The log (posterior) probability is always “only” one number for each iteration in Stan. Remember, that (putting it really simply and omitting the normalizing constant) we are looking for p(y|\theta)p(\theta), where p(y|\theta) is the “likelihood” and p(\theta) is the prior. This whole thing p(y|\theta)p(\theta) is the posterior probability (again, omitting the normalizer). Taking the log of this gives us the log posterior… \log p(y|\theta) + \log p(\theta). This is what we are interested in; it’s the target. And you see that the log turns all the products to additions. So as long as we are on the log scale, we can just happily add to this target. For example, if the likelihood has two parameters then we just add another prior to the target, e.g. \log p(y|\theta,\phi) + \log p(\theta) + \log p(\phi).

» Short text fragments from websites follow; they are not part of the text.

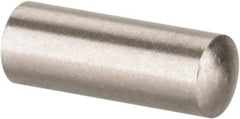 Value Collection - 3mm Diam x 8mm Pin Length 316 Stainless Steel Standard Dowel Pin - Bright Finish, 1 Rounded End - Exact Tool & Supply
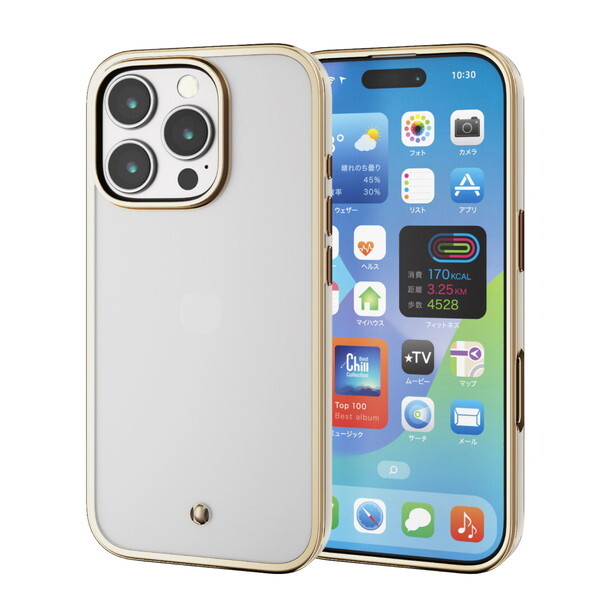 ELECOM PM-A24CUCTMLGB O[W &me [iPhone16 Pro \tgP[X]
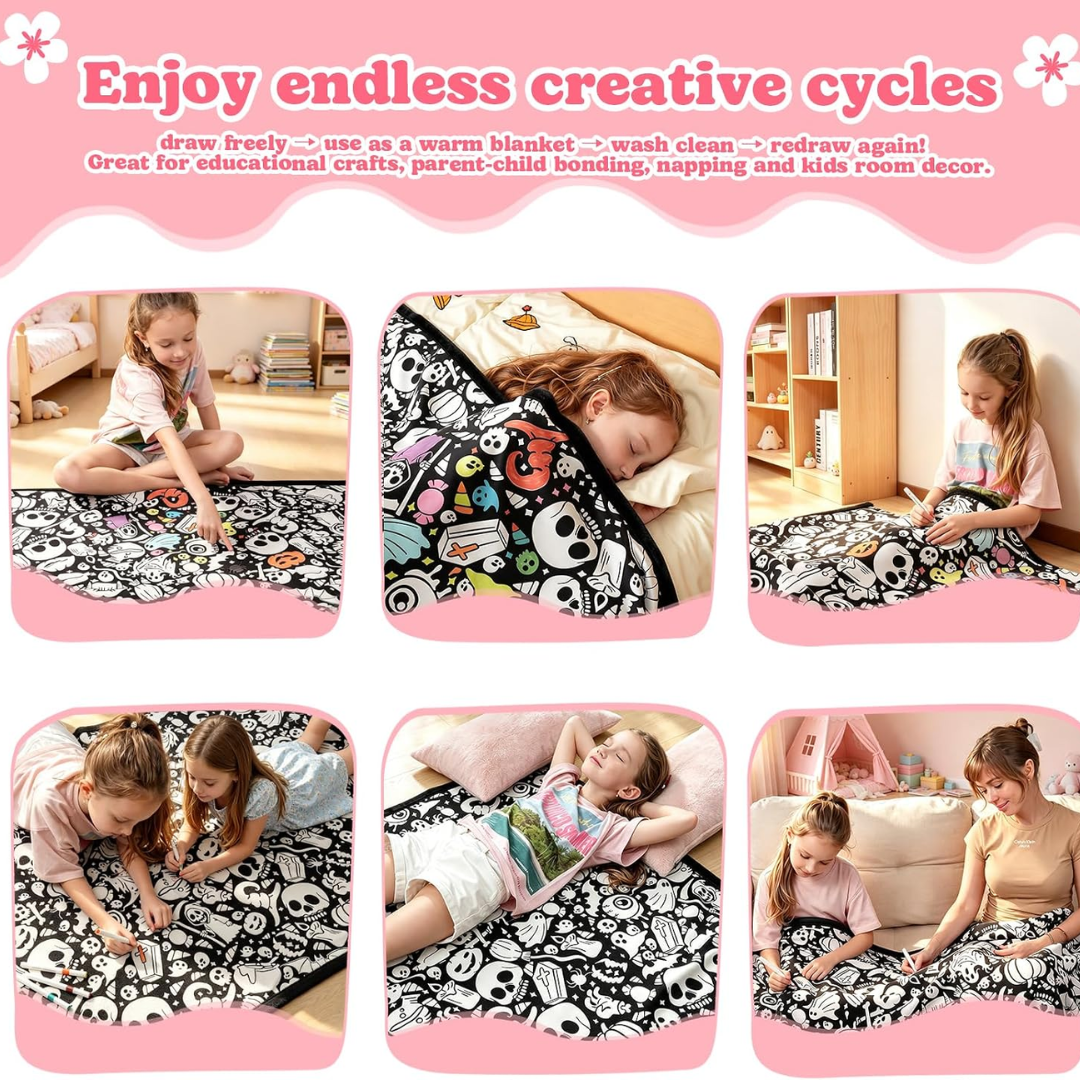 Relaxing Coloring Blanket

Take the univariate log-normal as a simple example. Let’s say we transform y_i to \log(y_i) with i=1,\dots,N observations. The log absolute Jacobian is -\log(y_i), so

\sum_{i=1}^N \left( \log p(\log(y_i)|\mu,\sigma) -\log(y_i) + \log p(\mu) + \log p(\sigma) \right)

or

\sum_{i=1}^N (\log p(\log(y_i)|\mu,\sigma)) - \sum_{i=1}^N(\log(y_i)) + \log p(\mu) + \log p(\sigma)

to make it more explicit. \sum_{i=1}^N \log p(\log(y_i)|\mu,\sigma) is target += normal_lpdf(log(y) | mu, sigma) – note that this is vectorized in Stan (over all i), when we have vector[N] y in the data block! Note that log(y) ~ normal(mu, sigma) is essentially the same as the expression above… the latter drops constants, but this is not really important here. So this evaluates to a single number (per Stan iteration).
(The terms \log p(\mu) and \log p(\sigma) are the priors on \mu and \sigma, but this is not really important here, note that they also evaluate to one number for each iteration in Stan.)
So, now coming to your question, you might think, that - \sum_{i=1}^N(\log(y_i)) would translate to target += sum(log(y). And you would be correct! Actually, you could also make it even more explicit and do

for (n in 1:N)
  target += -log(y[n])

…same thing! And finally, also the “simple” target += log(y) evaluates to the same “number”/increase in the traget equation as the two other formulations.

Long story short… If you have a multivariate normal (or log-normal) model, the log posterior probability still evaluates to one number per iteration. Since everything is on a log-scale you simply add stuff (+=) and so for each dependent variable in vector[NvarsY] y [N]; you just add the Jacobian correction by looping over NvarsY.

EDIT: the last bit is wrong… see below


#3

Great answer @Max_Mantei - again thank you very much.


#4

Sorry, I got something wrong in the last bit of the previous post.

When you have vector[NvarsY] y[N], then y[i] gives you the ith entry in the dimension of N – so the result is a vector of length NvarsY. The correct way is to properly loop over N… thus:

for (n in 1:N)
  target += -log(y[n]);

Sorry, that bit did not carry over as seamlessly from the univariate case as I thought. So, here are two things to be careful about:

  • Correct indexing (maybe use the print() statement to debug)
  • The sum of logs is not the same as the log of sums… (Think about what comes first: First, think about the target for one observation and then think about summing over all observations.)